My aim is to prove whether there is overfitting or underfitting. However, when I calculate the learning curves (graphically depict how a process is improved), the standard deviation of the cross-validation score is enormous.
My observation here is that after I change the cross-validation from Leave-One-Out Cross-Validation (LOOCV) to KFold, everything gets interpretable and normal, otherwise, with LOOCV, the standard deviation is high. I don´t understand why.
I choose LOOCV because my sample is very little. I want to use every sample as a test set until it reaches the end.
The second thing is, should I get the learning curves in the loop or outside?
X (data) and y (classes including only 0 and 1) is 1D dataset.
The code:
loo = LeaveOneOut()
lr_model = LogisticRegression()
y_pred = []
accuracy_scores = []
f1_scores = []
precision_scores = []
recall_scores = []
# loop through each fold in the LOOCV cross-validation
for train_index, test_index in loo.split(X):
X_train, X_test = X[train_index], X[test_index]
y_train, y_test = y[train_index], y[test_index]
# fit the model on the training data
lr_model.fit(X_train, y_train)
# use the model to predict the labels for the test data
y_pred_fold = lr_model.predict(X_test)
y_pred.extend(y_pred_fold)
# calculate evaluation metrics for this fold
accuracy = accuracy_score(y_test, y_pred_fold)
f1 = f1_score(y_test, y_pred_fold, zero_division=0)
precision = precision_score(y_test, y_pred_fold, zero_division=0)
recall = recall_score(y_test, y_pred_fold, zero_division=0)
accuracy_scores.append(accuracy)
f1_scores.append(f1)
precision_scores.append(precision)
recall_scores.append(recall)
# calculate the overall evaluation metrics
accuracy = accuracy_score(y, y_pred)
f1 = f1_score(y, y_pred)
precision = precision_score(y, y_pred)
recall = recall_score(y, y_pred)
print("Overall Accuracy: %.2f%%" % accuracy)
print("Overall F1 Score: %.2f" % f1)
print("Overall Precision: %.2f" % precision)

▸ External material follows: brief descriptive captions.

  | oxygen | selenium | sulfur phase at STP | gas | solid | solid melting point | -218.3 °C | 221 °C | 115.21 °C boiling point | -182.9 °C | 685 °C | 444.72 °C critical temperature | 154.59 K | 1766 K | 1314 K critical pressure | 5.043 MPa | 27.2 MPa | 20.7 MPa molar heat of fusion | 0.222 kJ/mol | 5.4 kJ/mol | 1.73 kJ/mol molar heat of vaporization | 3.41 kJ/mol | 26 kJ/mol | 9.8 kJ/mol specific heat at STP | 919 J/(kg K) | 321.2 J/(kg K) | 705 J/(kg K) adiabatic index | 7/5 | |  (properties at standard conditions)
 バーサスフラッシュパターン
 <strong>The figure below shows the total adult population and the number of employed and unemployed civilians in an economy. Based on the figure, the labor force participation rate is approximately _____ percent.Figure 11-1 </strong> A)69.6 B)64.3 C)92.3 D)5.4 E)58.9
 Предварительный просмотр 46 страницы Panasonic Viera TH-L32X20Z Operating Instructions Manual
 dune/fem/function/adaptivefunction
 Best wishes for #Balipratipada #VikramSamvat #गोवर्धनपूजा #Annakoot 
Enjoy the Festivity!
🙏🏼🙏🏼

print("Overall Recall: %.2f" % recall)
# Compute learning curve using LOOCV
train_sizes, train_scores, test_scores = learning_curve(lr_model, X, y, cv=loo, scoring='accuracy', n_jobs=-1)
# Compute mean and standard deviation of training and test scores
train_scores_mean = np.mean(train_scores, axis=1)
train_scores_std = np.std(train_scores, axis=1)
test_scores_mean = np.mean(test_scores, axis=1)
test_scores_std = np.std(test_scores, axis=1)
# Plot learning curve with shaded standard deviation regions
plt.figure()
plt.title('Learning Curve')
plt.xlabel('Training Examples')
plt.ylabel('Accuracy')
plt.grid()